As the economy expands and more workers are confident in their job security, employees are taking the initiative to ask for pay raises. With compensation strongly tied to job satisfaction, employers should pay attention to these requests as they are becoming more frequent and could boost worker engagement and productivity.
A survey by Accountemps highlighted the rise of compensation hikes, with more than 4 in 10 chief financial officers saying the number of requests for raises or promotions is higher than it was two years ago. The increase in workers asking for advancement in their careers or compensation is a sign that the economy is stabilizing. Since the economy is experiencing growth and seeing higher employment rates, more employees are leaving their current jobs to pursue other opportunities. The accounting and finance professional staffing firm cited a report from the U.S. Bureau of Labor Statistics that found workers are quitting their jobs at the highest rate in six years.
With the risk of their top talent exiting the company, employers should focus on adjusting their compensation programs to adequately provide pay for workers depending on their performance.
A survey from human resources firm Aon Hewitt said national salaries will increase to 3 percent in 2015, up from 2.9 percent in 2014. With the 2015 rise in compensation representing a seven-year high in pay raises, companies are exploring various options for properly rewarding their workers, including bonuses.
Higher bonuses could help further company mission
With incentive compensation like bonuses, companies can recognize and reward employees who achieve business goals and further the firms’ missions. The Aon Hewitt report found that 91 percent of companies give bonuses to employees.

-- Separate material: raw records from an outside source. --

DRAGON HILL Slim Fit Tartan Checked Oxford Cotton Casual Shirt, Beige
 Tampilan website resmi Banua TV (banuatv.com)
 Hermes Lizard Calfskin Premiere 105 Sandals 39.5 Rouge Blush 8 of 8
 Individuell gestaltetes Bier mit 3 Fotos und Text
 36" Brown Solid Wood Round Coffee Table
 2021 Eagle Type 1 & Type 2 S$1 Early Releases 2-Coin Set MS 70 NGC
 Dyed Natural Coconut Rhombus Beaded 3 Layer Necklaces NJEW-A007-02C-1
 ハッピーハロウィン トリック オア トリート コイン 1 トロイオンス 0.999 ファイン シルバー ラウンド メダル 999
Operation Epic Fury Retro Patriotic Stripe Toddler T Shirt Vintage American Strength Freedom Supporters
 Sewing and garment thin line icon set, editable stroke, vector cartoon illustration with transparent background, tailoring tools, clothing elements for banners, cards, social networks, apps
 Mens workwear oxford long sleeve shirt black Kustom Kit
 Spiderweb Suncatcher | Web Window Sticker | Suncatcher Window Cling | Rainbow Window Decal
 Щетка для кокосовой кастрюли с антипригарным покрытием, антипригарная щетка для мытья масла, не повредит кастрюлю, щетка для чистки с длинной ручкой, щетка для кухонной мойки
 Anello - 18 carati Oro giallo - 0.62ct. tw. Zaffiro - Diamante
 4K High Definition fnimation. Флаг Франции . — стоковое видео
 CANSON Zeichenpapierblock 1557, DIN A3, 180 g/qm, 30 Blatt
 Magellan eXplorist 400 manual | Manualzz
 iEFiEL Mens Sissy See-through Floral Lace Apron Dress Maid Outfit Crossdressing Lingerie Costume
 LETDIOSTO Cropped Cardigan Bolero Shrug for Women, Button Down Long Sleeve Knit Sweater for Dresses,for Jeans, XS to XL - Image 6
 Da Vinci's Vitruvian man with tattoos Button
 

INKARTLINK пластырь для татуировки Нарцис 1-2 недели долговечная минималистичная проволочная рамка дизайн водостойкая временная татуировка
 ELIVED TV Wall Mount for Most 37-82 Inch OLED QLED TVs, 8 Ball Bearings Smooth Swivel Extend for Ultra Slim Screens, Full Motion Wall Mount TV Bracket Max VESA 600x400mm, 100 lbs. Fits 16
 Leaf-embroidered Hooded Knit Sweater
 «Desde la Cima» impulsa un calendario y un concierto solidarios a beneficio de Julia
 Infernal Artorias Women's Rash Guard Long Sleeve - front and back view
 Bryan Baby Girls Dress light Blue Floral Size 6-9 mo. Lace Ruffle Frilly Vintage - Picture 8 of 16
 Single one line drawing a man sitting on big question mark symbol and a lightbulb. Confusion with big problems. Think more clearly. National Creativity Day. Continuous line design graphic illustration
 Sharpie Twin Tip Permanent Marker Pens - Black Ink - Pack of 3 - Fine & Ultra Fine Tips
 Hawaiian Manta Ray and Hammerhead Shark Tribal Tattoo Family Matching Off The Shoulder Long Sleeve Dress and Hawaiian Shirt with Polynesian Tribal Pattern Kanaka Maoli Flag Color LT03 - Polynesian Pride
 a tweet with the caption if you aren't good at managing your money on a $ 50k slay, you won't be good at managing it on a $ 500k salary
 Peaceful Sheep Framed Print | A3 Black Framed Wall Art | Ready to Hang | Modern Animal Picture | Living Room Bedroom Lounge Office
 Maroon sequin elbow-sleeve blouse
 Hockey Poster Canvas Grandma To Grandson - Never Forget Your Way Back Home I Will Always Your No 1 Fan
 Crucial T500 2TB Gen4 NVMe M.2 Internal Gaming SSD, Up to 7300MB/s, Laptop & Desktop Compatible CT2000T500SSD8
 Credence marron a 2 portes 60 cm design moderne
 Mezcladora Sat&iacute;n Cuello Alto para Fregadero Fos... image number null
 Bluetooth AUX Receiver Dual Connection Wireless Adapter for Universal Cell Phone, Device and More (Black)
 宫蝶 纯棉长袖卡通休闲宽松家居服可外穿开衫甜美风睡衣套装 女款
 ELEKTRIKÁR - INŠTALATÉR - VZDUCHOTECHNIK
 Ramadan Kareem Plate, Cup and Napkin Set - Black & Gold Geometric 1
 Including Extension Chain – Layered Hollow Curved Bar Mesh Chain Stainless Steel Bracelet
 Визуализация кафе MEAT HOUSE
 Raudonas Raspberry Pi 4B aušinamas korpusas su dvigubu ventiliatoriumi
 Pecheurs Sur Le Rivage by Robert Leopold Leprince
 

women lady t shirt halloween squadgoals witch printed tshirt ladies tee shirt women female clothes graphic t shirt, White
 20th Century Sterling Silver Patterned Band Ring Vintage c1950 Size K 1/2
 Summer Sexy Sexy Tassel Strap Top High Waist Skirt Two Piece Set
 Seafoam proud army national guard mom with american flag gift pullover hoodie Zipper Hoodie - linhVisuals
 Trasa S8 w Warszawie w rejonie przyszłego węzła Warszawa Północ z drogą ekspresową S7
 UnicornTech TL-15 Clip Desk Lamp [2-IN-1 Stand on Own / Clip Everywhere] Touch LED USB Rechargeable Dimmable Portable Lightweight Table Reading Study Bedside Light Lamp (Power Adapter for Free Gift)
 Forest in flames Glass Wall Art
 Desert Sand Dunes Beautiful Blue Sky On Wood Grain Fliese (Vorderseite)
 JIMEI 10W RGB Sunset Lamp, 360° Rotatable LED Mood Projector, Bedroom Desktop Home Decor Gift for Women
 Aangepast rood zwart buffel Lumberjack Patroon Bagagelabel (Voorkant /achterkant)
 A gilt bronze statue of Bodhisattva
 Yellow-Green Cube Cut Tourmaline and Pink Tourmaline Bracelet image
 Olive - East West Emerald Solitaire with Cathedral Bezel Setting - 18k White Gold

As companies are looking to restructure their incentive compensation programs, Accountemps recommends firms offer greater bonuses.
Bonuses are accounting for a larger portion of company payroll budgets with this type of compensation, representing 12.7 percent of total payroll funds – an all-time high in the 38 years of the survey’s history, according to Aon Hewitt.
“Employers must be proactive and closely scrutinize compensation levels to stay competitive and keep good staff,” said Bill Driscoll, a district president with Accountemps, in a related news release. “It’s better to be prepared than surprised by an employee’s request for a raise or promotion. Now’s the time to proactively connect with key team members to identify advancement opportunities and discuss viable career paths.”